Restate word for word the lines between the start of the material and the line with "良品　国産　2021年製　スタッドレス　165/55R15 Nボックス　タント", keeping both of those ends and none of the pictures.
Record set section start
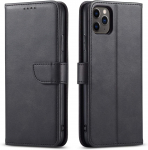 Dėklas Wallet Case Xiaomi Redmi 13 4G/Redmi 13 5G/Poco M6 4G juodas
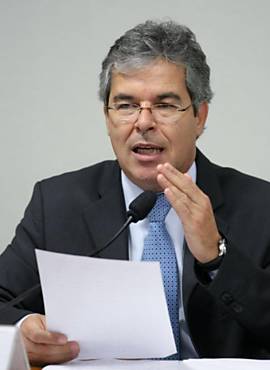 Senador Jorge Viana l relatrio sobre o Cdigo Florestal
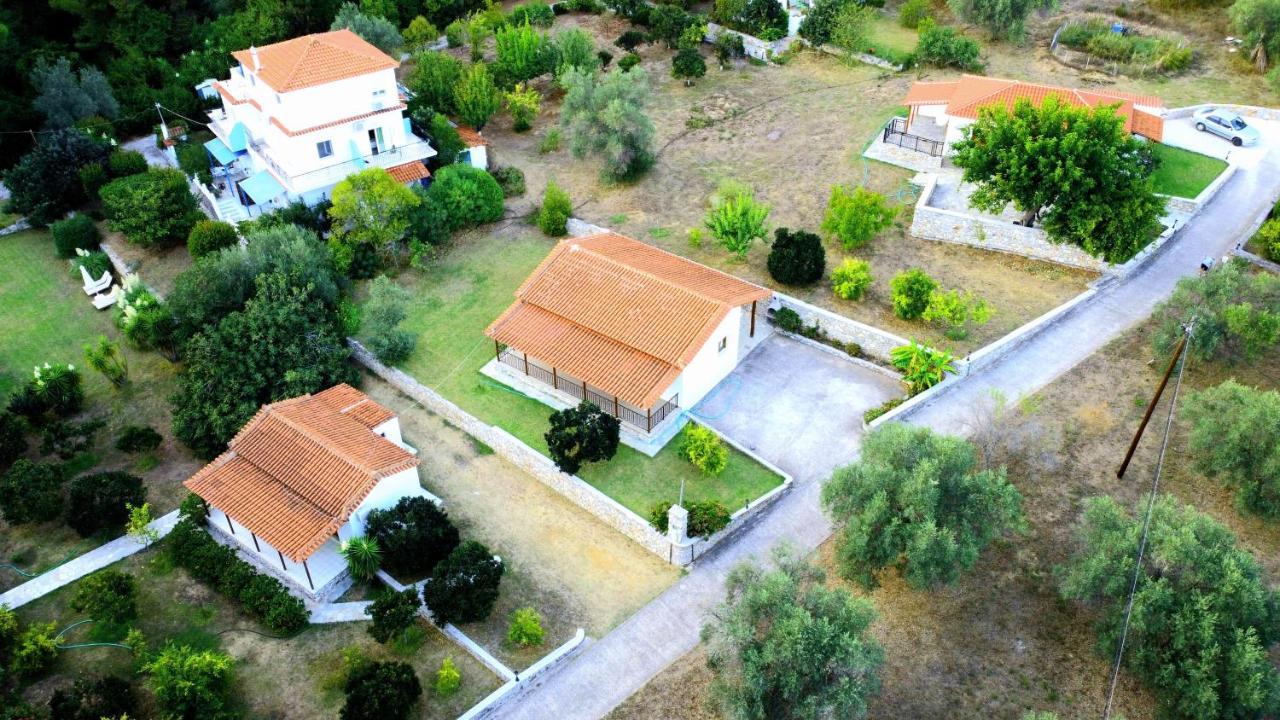 Panos Villas Кукунарис Экстерьер фото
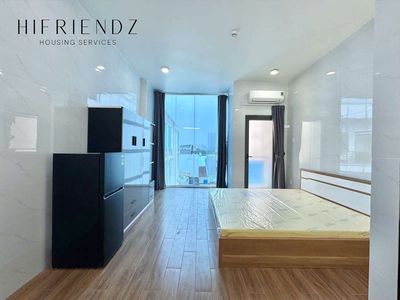 Studio full nội thất gần đại học sài gòn (SGU), sư phạm (HCMUE) 3km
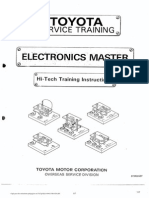 Toyota Service Training - Electronics Master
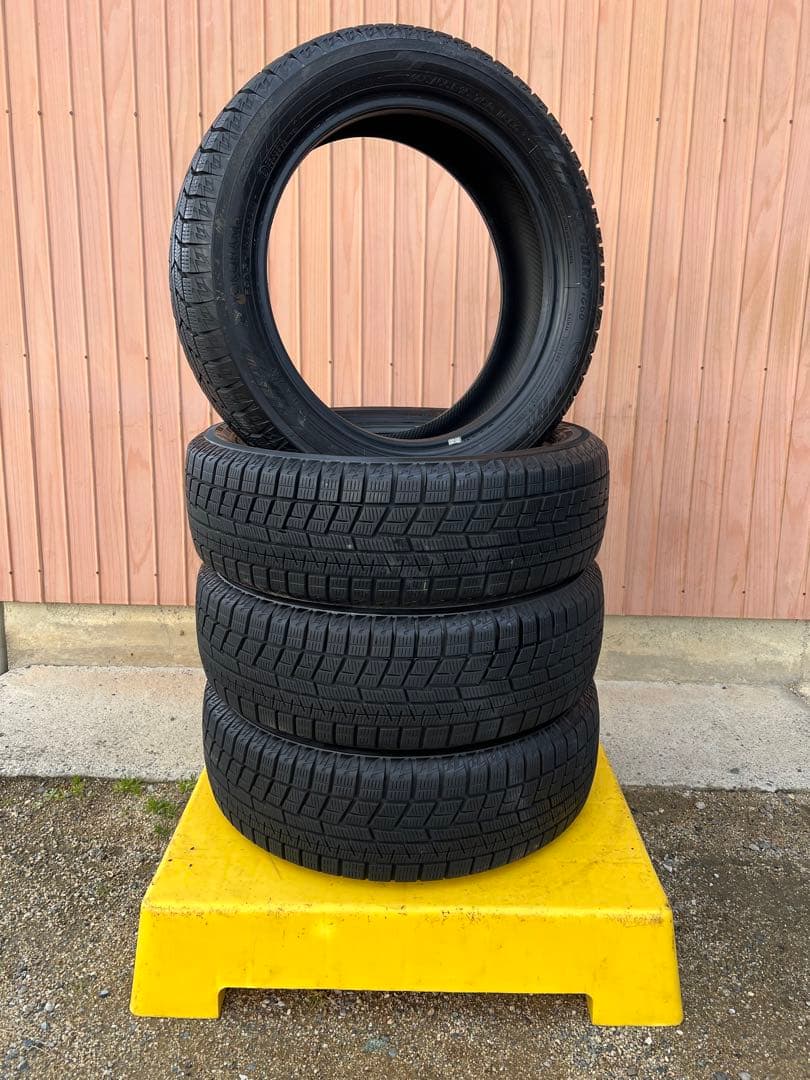 良品　国産　2021年製　スタッドレス　165/55R15 Nボックス　タント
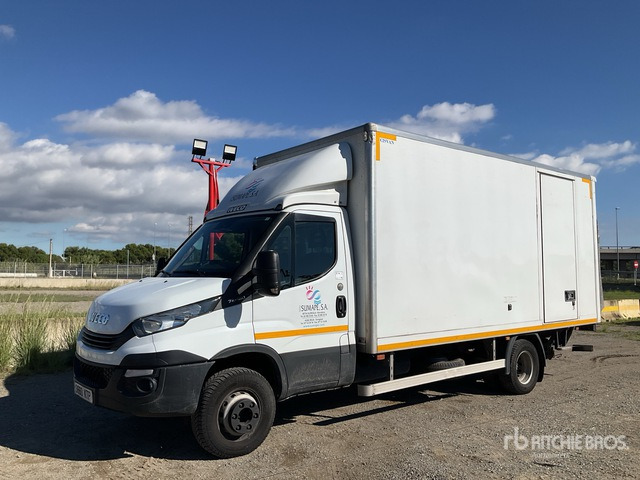 2019 Iveco Daily 70C18 4x2 Van Truck - Kamion sa zatvorenim sandukom: slika 2 2019 Iveco Daily 70C18 4x2 Van Truck - Kamion sa zatvorenim sandukom: slika 2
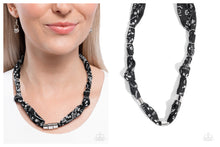 Load image into Gallery viewer, Paparazzi ♥ Bandana Balance - Black ♥ N2660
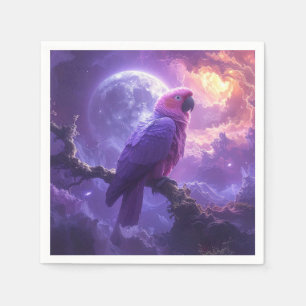 Magical Parrot Napkin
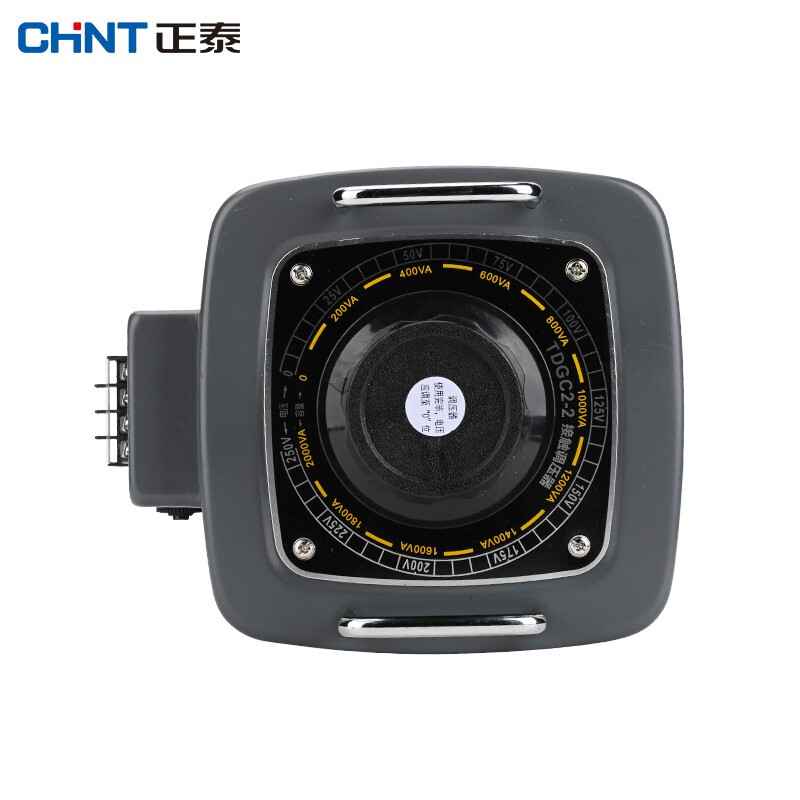 Chint single-phase voltage regulator 2000w 220v TDGC2-2kva contact voltage regulator 0-250v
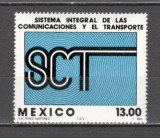 Mexic.1983 Ministerul Comunicatiilor si Transportului PM.25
Record set section end
Result of the exercise:
 Dėklas Wallet Case Xiaomi Redmi 13 4G/Redmi 13 5G/Poco M6 4G juodas
 Senador Jorge Viana l relatrio sobre o Cdigo Florestal
 Panos Villas Кукунарис Экстерьер фото
 Studio full nội thất gần đại học sài gòn (SGU), sư phạm (HCMUE) 3km
 Toyota Service Training - Electronics Master
 良品　国産　2021年製　スタッドレス　165/55R15 Nボックス　タント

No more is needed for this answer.